- The task
Where the line containing "Blue Rooms Bedroom" appears in the entries below, start there and print only that line and every line after it, exactly, through the end, excluding pictures.

- Input data
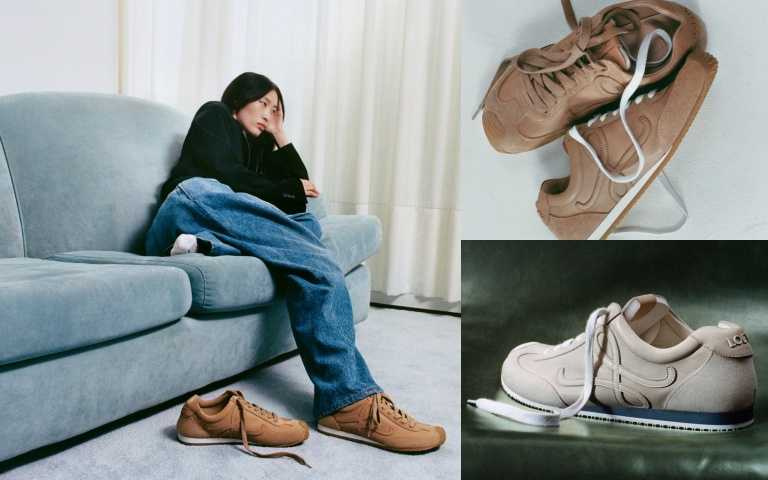 LOEWE Ballet Runner Ballet Runner 2.0肉桂色柔軟小牛皮運動鞋/32,000元;卡其色尼龍和小牛皮運動鞋/26,000元(圖/品牌提供)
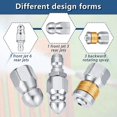 thumbnail image 4 of 3 Pieces Sewer Nozzle Rotating Button Nose Sewer Jetting Nozzle Stainless Steel Fixed Sewer Nozzle With Different Models For 1/4 Inch Pressure Washer, 4 of 5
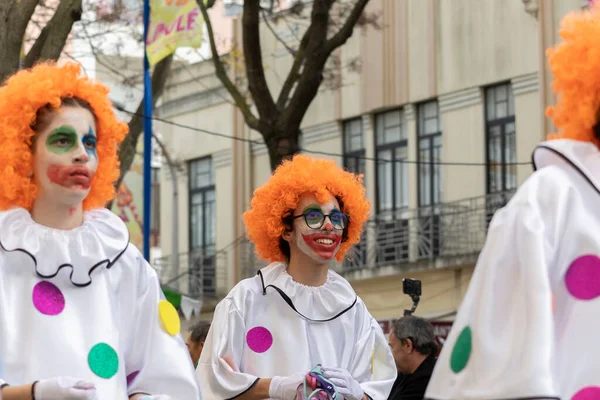 Loule Portugalia Luty 2023 Kolorowy Karnawał Karnawał Uczestnicy Festiwalu Parade — Zdjęcie stockowe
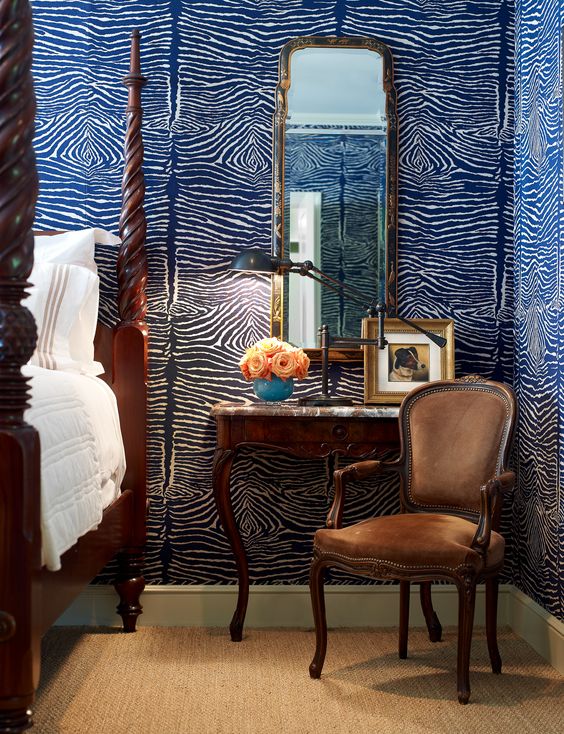 Blue Rooms Bedroom with zebra print wallcovering www.PattersonDecoratingGroup.com/blog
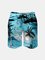 Men's Swim Trunks Hawaiian Tropical Palm Tree Beach Shorts with Pockets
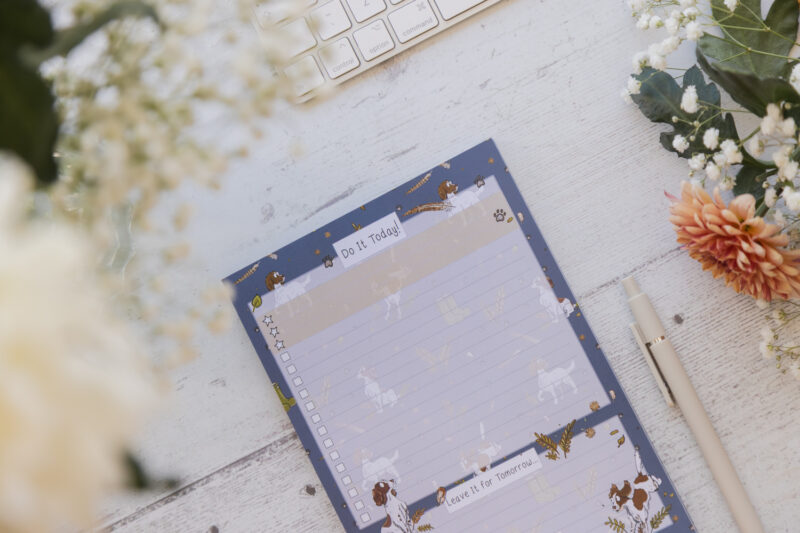 A5 Liver & White Spaniel To-do List - Spaniel Stationery by Emily Cole Illustrations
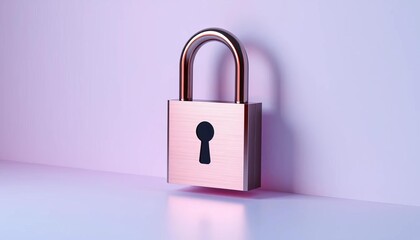 Sleek metallic padlock on minimalist background, symbolizing digital security,   cyber security,   metal padlock
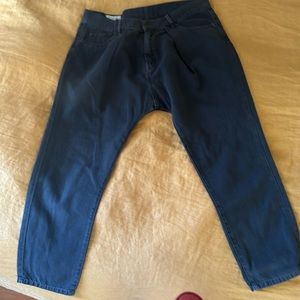 NILI LOTAN Drop Crotch Pleated Front Cotton Linen Pants in Washed Gray Size 8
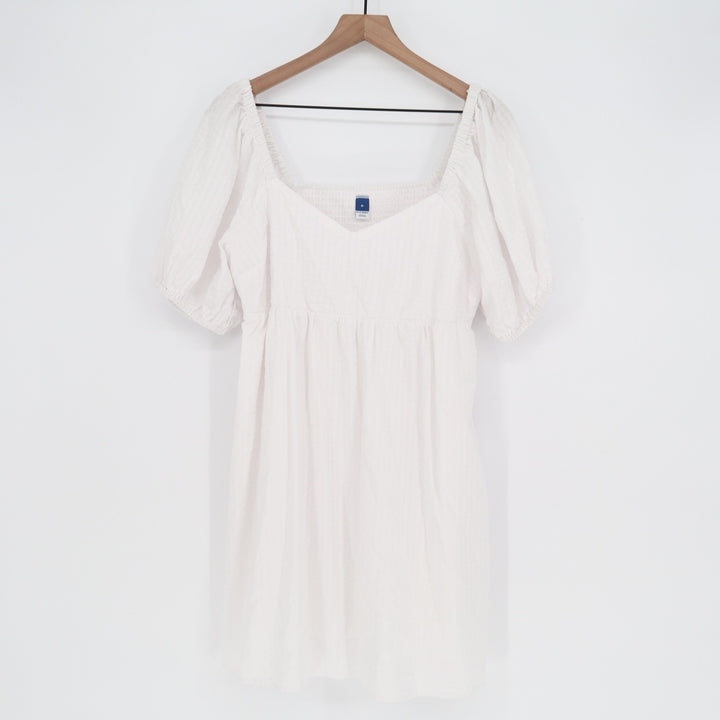 Old Navy Womens White Puff Sleeve Smocked Back Mini Dress Size M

- Result
 Blue Rooms Bedroom with zebra print wallcovering www.PattersonDecoratingGroup.com/blog
 Men's Swim Trunks Hawaiian Tropical Palm Tree Beach Shorts with Pockets
 A5 Liver & White Spaniel To-do List - Spaniel Stationery by Emily Cole Illustrations
 Sleek metallic padlock on minimalist background, symbolizing digital security,   cyber security,   metal padlock
 NILI LOTAN Drop Crotch Pleated Front Cotton Linen Pants in Washed Gray Size 8
 Old Navy Womens White Puff Sleeve Smocked Back Mini Dress Size M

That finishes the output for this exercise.